Principles of Influence
When I think about the basic principles of influence, I think of three main elements. These are the very core elements that give people the ability to influence others.
Do you want to expand your influence and become a leader? Of course you do. There are many benefits to doing so—you can have better relationships, you can make more money, and you can make a difference in the lives of others. That’s fun!
When you apply these principles to your life you will see yourself become a better and more highly skilled person, and that will cause you to see your influence in your network grow exponentially. So let’s take a look.
Three Basic Principles of Influence
Principle One: Character does indeed count.
I always find it interesting when there is a discussion on whether or not character matters in leadership.
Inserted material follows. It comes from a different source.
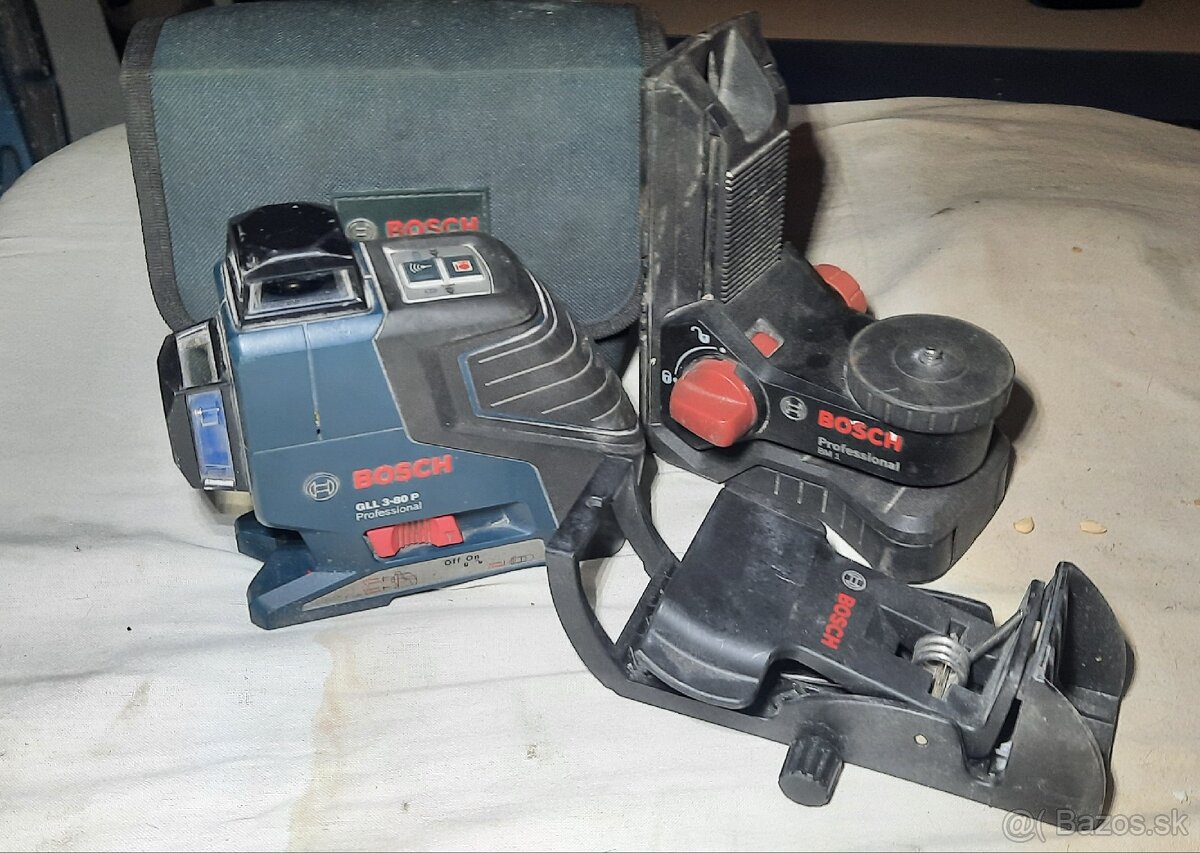 Bosch gll 3 80 p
Of course it does! You simply cannot become a person of long-term influence if you lack good character.
Of course, the obvious questions are “What is character?” “What does it consist of?” and “What are people looking for in character?”
Character is an issue of trust. People want to be able to trust you. They need to know that what you say is true. They need to know that when you say you will do something, you will.
What makes people trust others? Honesty. Do you tell the truth? Always? If you do, you will greatly enhance your ability to influence. People will listen when you speak. They will know that what they hear is what they get.
Honesty is being the same personally and professionally. You don’t act one way in one situation and another way in a different situation. When people see you tell a “little white lie” in one situation, it is only natural that they will wonder if you are eventually going to tell them a “little white lie” as well.
If you want to influence others, first and foremost make sure that you are a person of character and integrity. This is a central issue of influence.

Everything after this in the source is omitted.